BERLIN — Germany’s defense minister on Friday described the planned withdrawal of some 12,000 U.S. troops from her country as “regrettable,” while suggesting it underlines the need for Europe to do more for its own security.
American defense leaders said Wednesday that the U.S. will bring about 6,400 troops home and shift about 5,600 to other countries in Europe. The decision fulfills President Donald Trump’s announced desire to withdraw troops from Germany, largely because of what he considers its failure to spend enough on defense.
The plan, whose future is uncertain as it requires support and funding from Congress, would leave about 24,000 U.S. troops in Germany.
German Defense Minister Annegret Kramp-Karrenbauer emphasized the need for more European integration in her response early Friday, and said she hopes to use Germany’s current tenure of the European Union’s rotating presidency to help make progress on security and defense policy.
“We are keeping German and European interests in view,” she said in a statement. “The truth is that a good life in Germany and Europe depends more and more on how we ensure our security ourselves.”
She added that, “as far as the regrettable plans to withdraw U.S. troops are concerned,” she will invite the governors of the affected German states after the summer break to discuss how the German military can support their regions.
The German government’s reaction so far to the U.S. decision has been restrained. Still, Rolf Muetzenich, a senior figure in the governing coalition’s junior party, the center-left Social Democrats, suggested that “armaments cooperations will have to be evaluated in a new light.”
Muetzenich, the head of the party’s parliamentary group, told the daily Sueddeutsche Zeitung that “capriciousness and pressure” could not be “the basis for working together in partnership.”
His comments drew criticism from Chancellor Angela Merkel’s center-right party. Lawmaker Roderich Kiesewetter told news agency dpa that “there is no adequate and affordable replacement so far” in Europe for the U.S. defense industry’s high-tech products. He argued that there also are checks and balances on Trump in the U.S.
Another lawmaker, Henning Otte, said the Social Democrats shouldn’t talk up “further alienation within the alliance.”
Part of the plan announced by U.S. Defense Secretary Mark Esper includes moving the headquarters of U.S. European Command to Mons, Belgium from Stuttgart, Germany.

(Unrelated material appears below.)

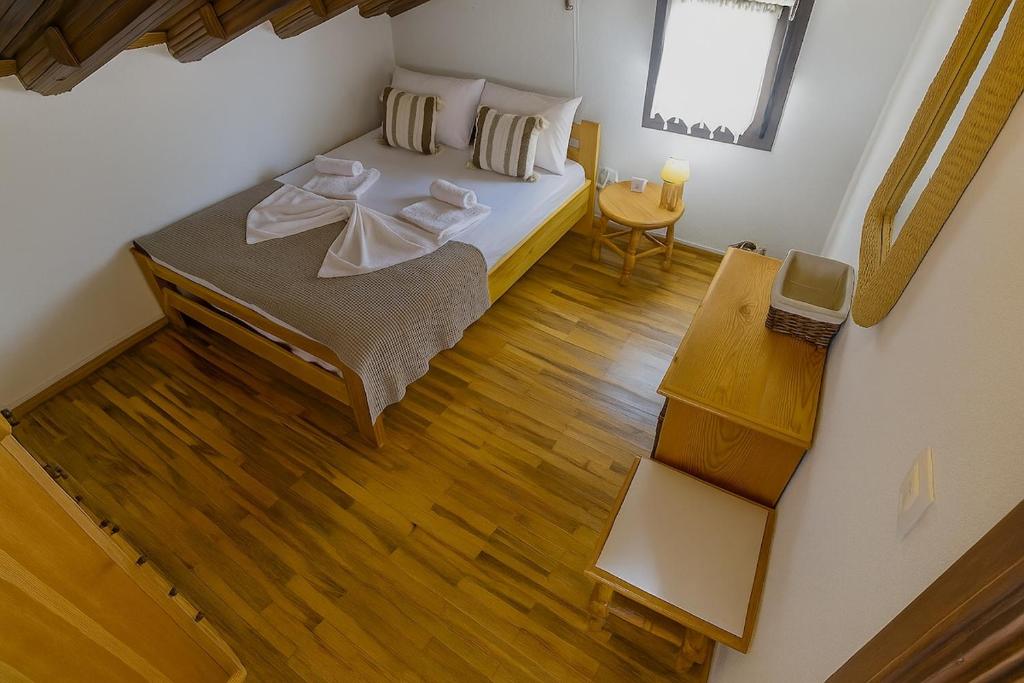 Postel nebo postele na pokoji v ubytování Palm Nest Villa with private pool in Chalkidiki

Esper said the Pentagon was also looking into moving U.S. Africa Command out of the German city.
Africa Command said in a statement Friday that it “has been told to plan to move” and has started doing so, though added it would “likely take several months to develop options, consider locations, and come to a decision.”
Africa Command, which was established in Stuttgart in 2008 after being unable to find a location in Africa, said it would “first look at options elsewhere in Europe, but will also consider options in the United States” for its new home.